Flores São Iscas

Capítulo 91

Flores São Iscas

Enquanto gritava pelo nome de Kwon Chae-woo novamente, um raio cortou o céu à distância. Ela sabia que o dia estava nublado, mas, quando a chuva começou a cair torrencialmente, sentiu a boca seca.

Naquele exato momento, ela viu um drone voando no céu. Acenou os braços freneticamente e gritou: "Aqui! Estou aqui!"

Tinha sido um grande deslizamento de terra. Uma equipe de gerenciamento de desastres agiria rapidamente para lidar com as consequências. Logo, uma equipe de resgate viria salvá-la. Sua garganta se apertou ao imaginar ser resgatada sem ter encontrado Kwon Chae-woo primeiro.

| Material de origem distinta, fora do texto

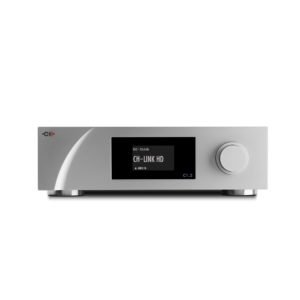 C1.2 Digital to Analog Controller - CH Link Screen (front view)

Ela precisava encontrá-lo rapidamente.

Continuou a se mover pela lama, escorregando e quase caindo a cada passo. Seus braços doíam enquanto os usava para se locomover na lama, e suas roupas, agora encharcadas de barro, pareciam pesar ainda mais a cada passo que dava.

Onde Kwon Chae-woo poderia estar?

Seus lábios tremeram quando começou a se desesperar. Fechou os olhos e respirou fundo. Já sentia as lágrimas vindo, mas não queria chorar ainda.

Quando abriu os olhos para continuar, ela o viu: um corpo preso entre as árvores.

Com toda a sua energia, Lee-yeon começou a correr, mas seu corpo finalmente cedeu e ela teve que parar. Chorando, ela gritou: "Kwon Chae-woo!"

O estado em que ele se encontrava não era muito diferente do de Lee-yeon. Seu rosto estava coberto de lama e ela mal conseguia ver suas feições.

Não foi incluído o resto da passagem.